Kieruje nim prozaiczne poczucie sprawiedliwości: by zło zostało jednak ukarane. I jeśli rozmiar sprawiedliwości z różnych powodów nie daje sobie z tym rady, wkracza Reacher. Gazeta Wyborcza Tak jest i tym razem.
W Bolton, miasteczku w Dakocie Południowej, mieszka miła starsza pani, która ma być świadkiem koronnym w procesie przeciwko przywódcy gangu motocyklowego handlującego amfetaminą. Jeśli ma zeznawać przed sądem, musi przeżyć. A do tego będzie potrzebowała pomocy. Tymczasem policja nie wie, w co włoży ć ręce. Kontrolować pobliskiego więzienia, gdzie przetrzymywany jest oskarżony, czy świadka, którego ktoś z pewnością będzie próbował uciszyć. Ktoś z miejscowych albo ktoś z zewnątrz. Jak Jack Reacher jadący autobusem, który trzydzieści kilometrów od Bolton wpada w poślizg. Tylko iż on nie jest płatnym zabójcą, jak początkowo podejrzewają miejscowi stróże prawa.

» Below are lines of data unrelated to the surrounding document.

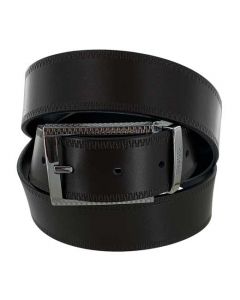 This Hugo Boss belt comes with a brown/black reversible leather strap.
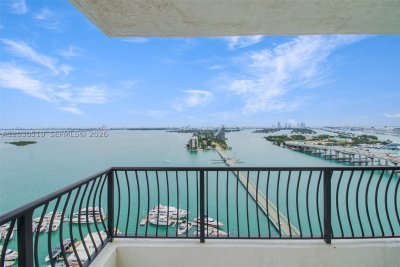 Aluguel de apartamento no The Venetia 31C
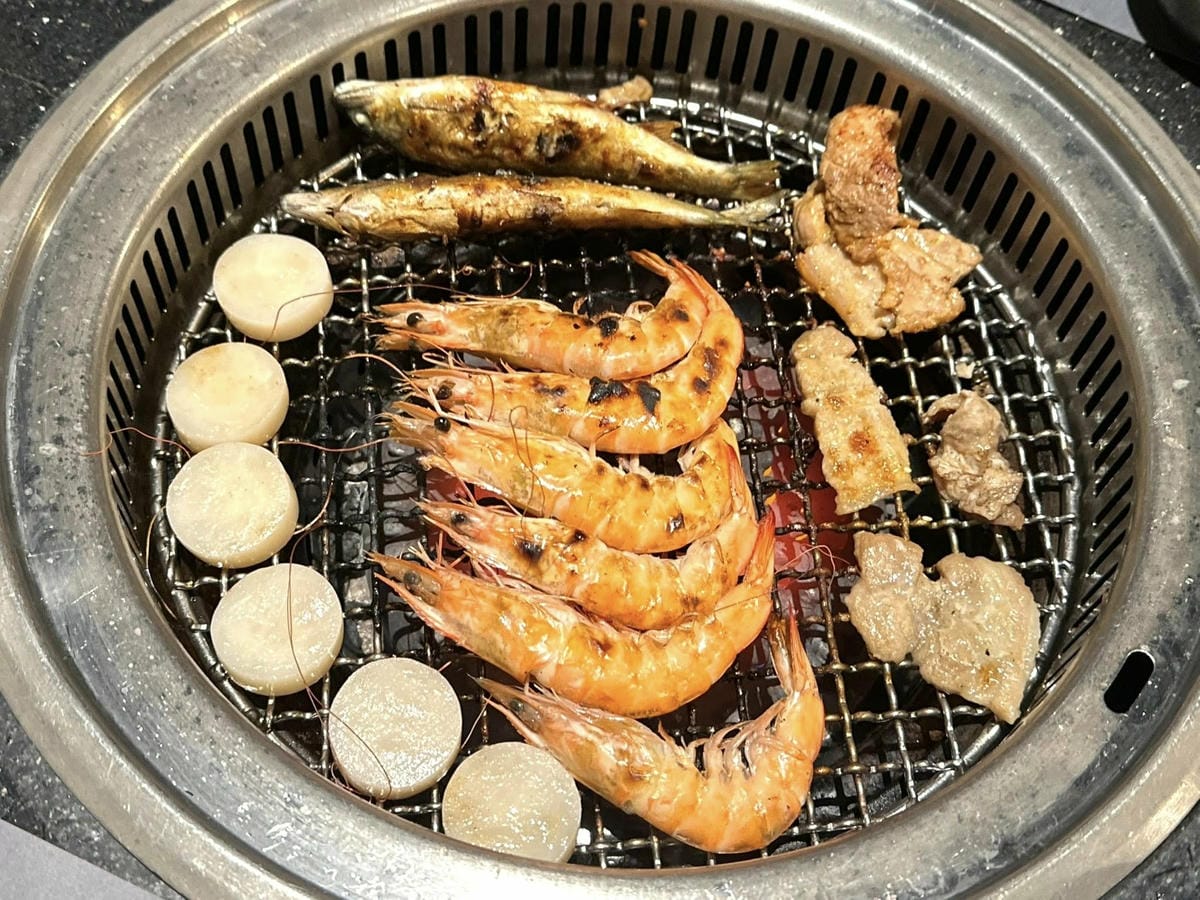 桃園美食【石頭燒烤火鍋吃到飽-桃園館】無限放題放飲燒烤、鍋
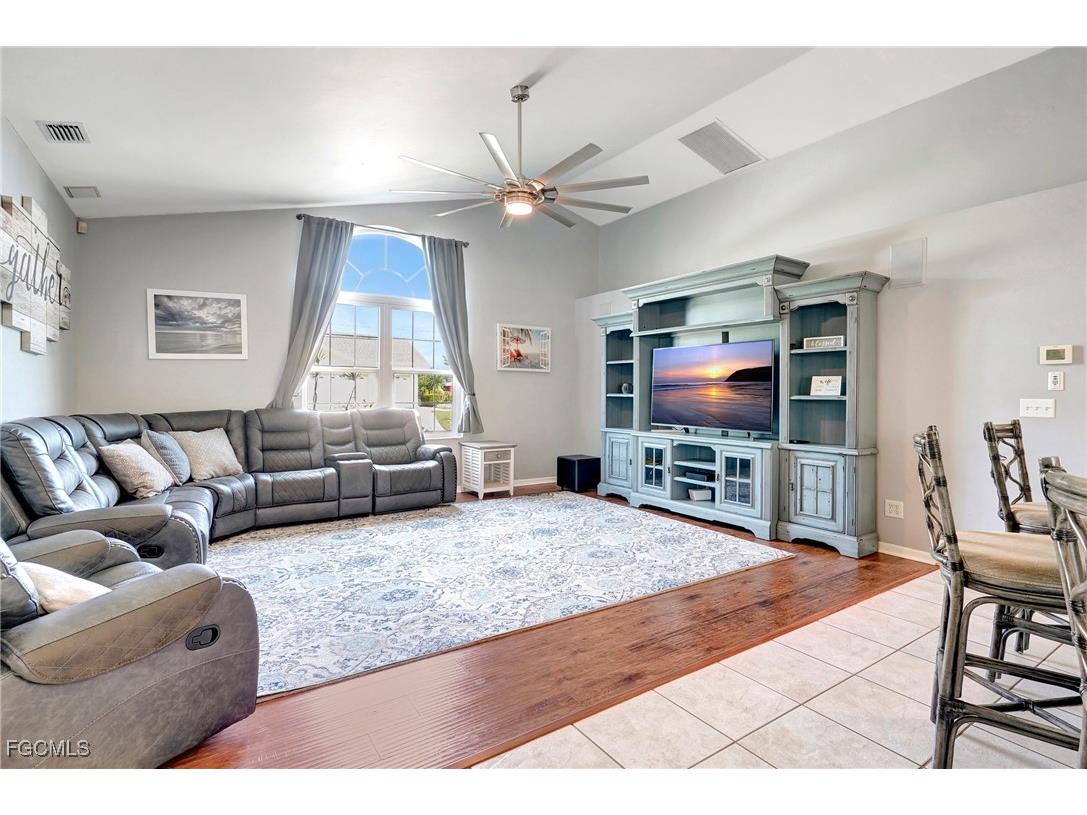 2128 SW 8th Court Cape Coral FL 33991 2025019517 image9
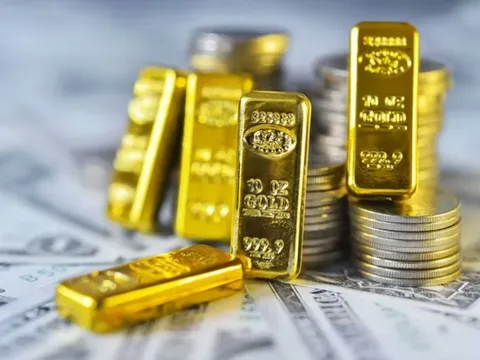 Giá vàng giảm sâu: Chuyên gia cảnh báo vùng nén chiến lược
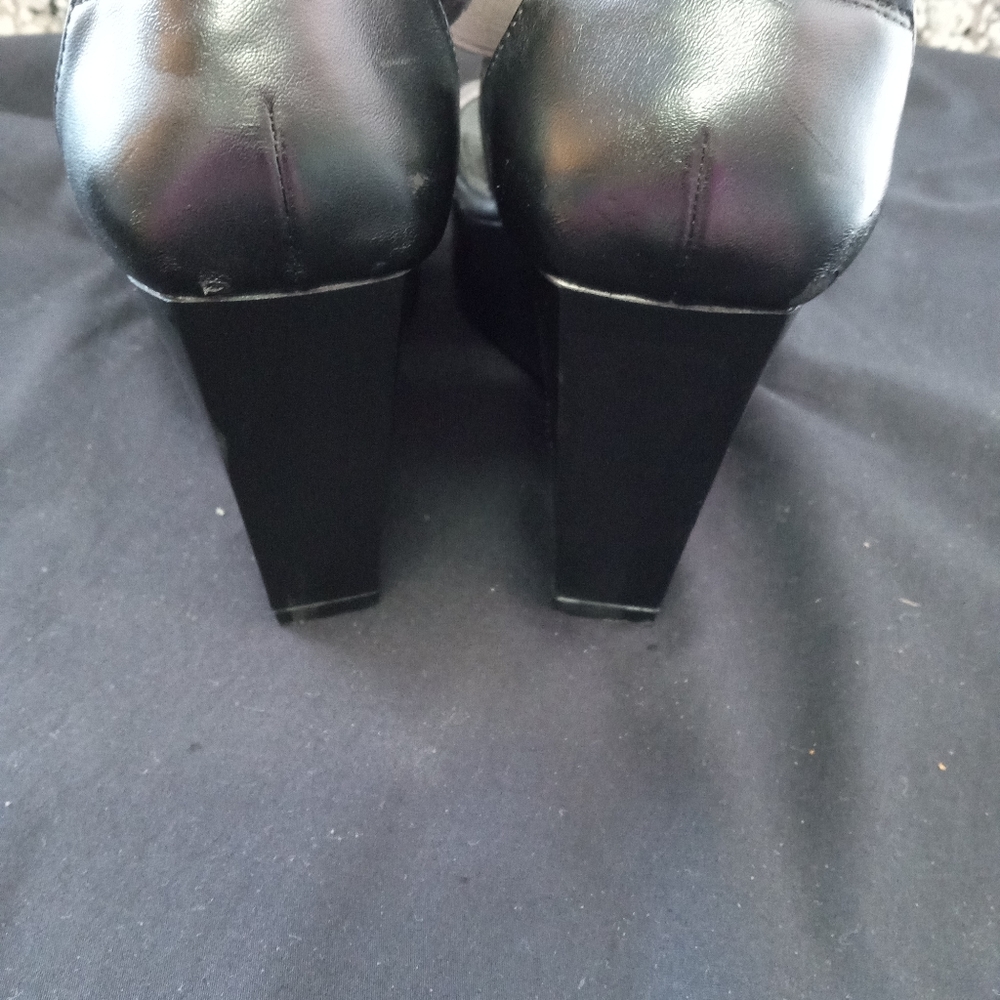 Shoes - Picture 5 of 7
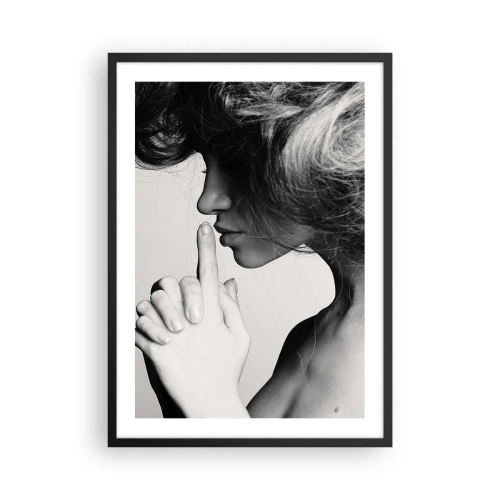 Poster in cornice nera - Ritratto di una donna che fa un gesto di silenzio - 50x70cm - Ascoltando se stessa - Decorazione murale moderna per soggiorno e camera da letto ARTTOR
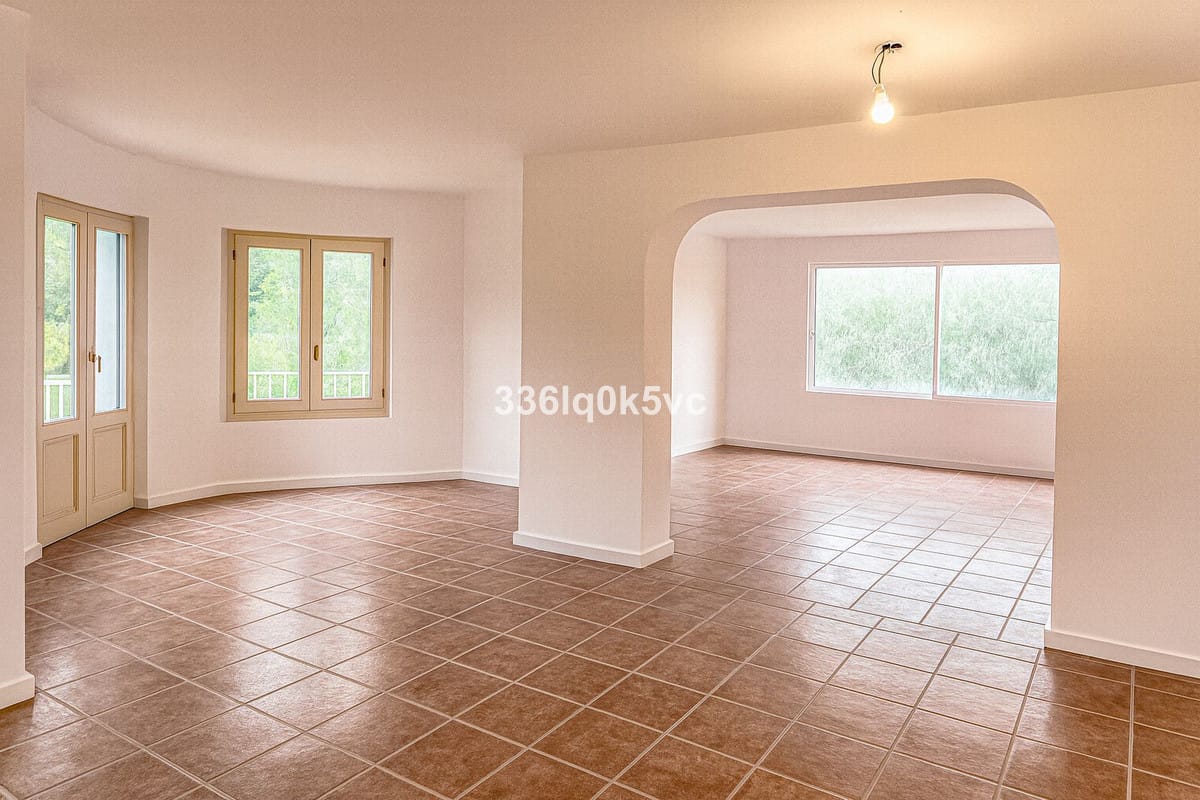 5 bedroom Villa For Sale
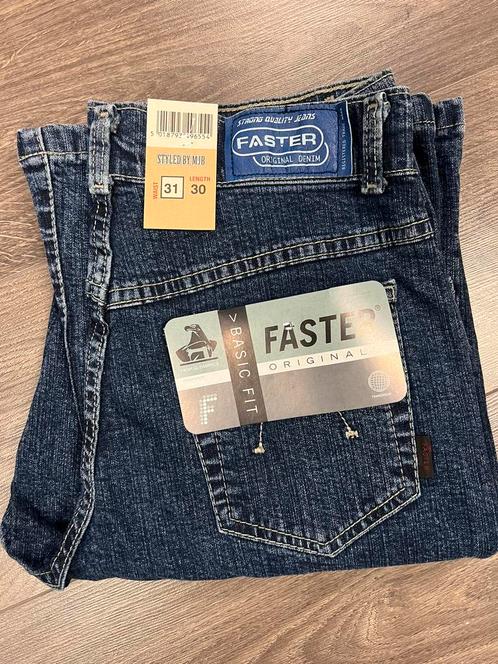 Partij Faster dames flair jeans, 100 stuks, Kleding | Dames, Spijkerbroeken en Jeans, Nieuw, W30 - W32 (confectie 38/40), Blauw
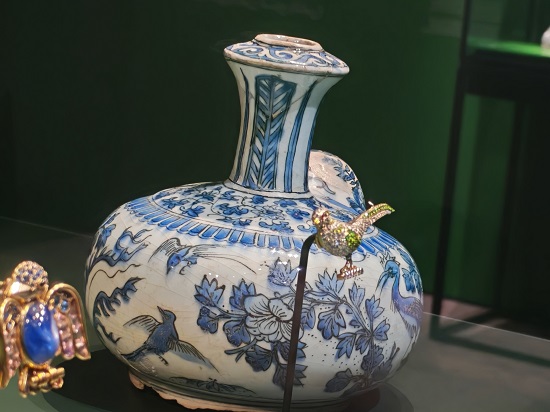 معرض مجوهرات قصائد الطيور (13)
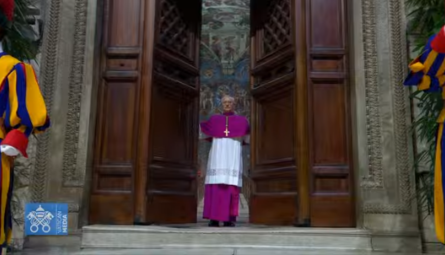 Primeiro dia de conclave Cardeais se reúnem na Capela Sistina para a escolha do novo Papa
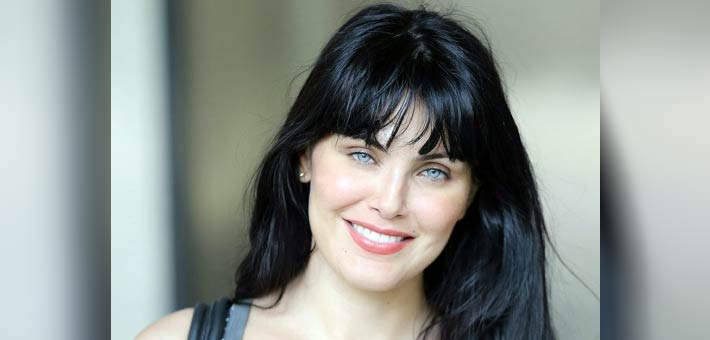 الفنانة التونسية دارين حداد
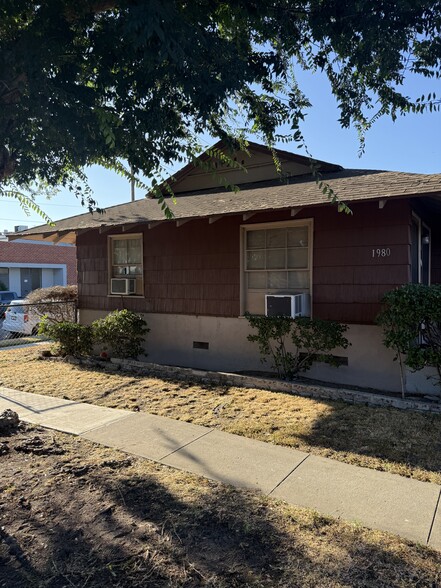 1980 N Ontario St, Burbank, CA à vendre - Photo de l’immeuble – Image 3 sur 16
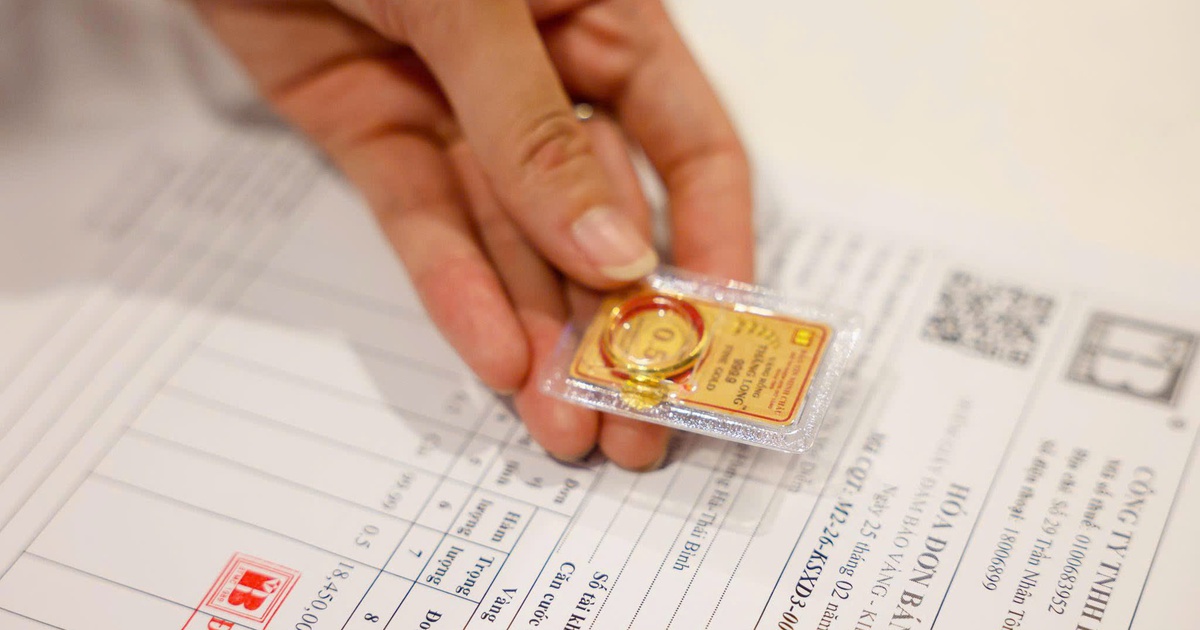 Giá vàng rơi thẳng đứng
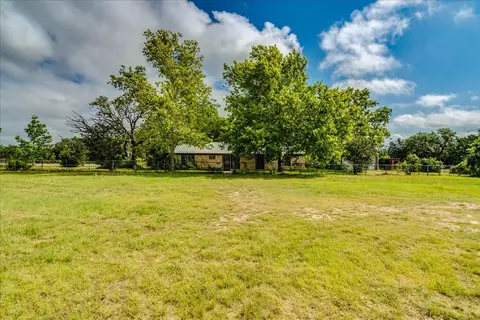 106 Tl Wilson Ln, Bertram, TX 78605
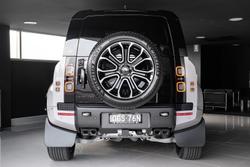 2026 Land Rover Defender 110 P635 OCTA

Reacher, ostatni sprawiedliwy, po prostu nie lubi ludzi czyhających na życie starszych pań. Ale żeby uratować właśnie tę, musi się dowiedzieć kilku rzeczy. Na przykład, jaką tajemnicę skrywa pobliska opuszczona baza wojskowa.
Ma na to 61 godzin. I ani minuty do stracenia.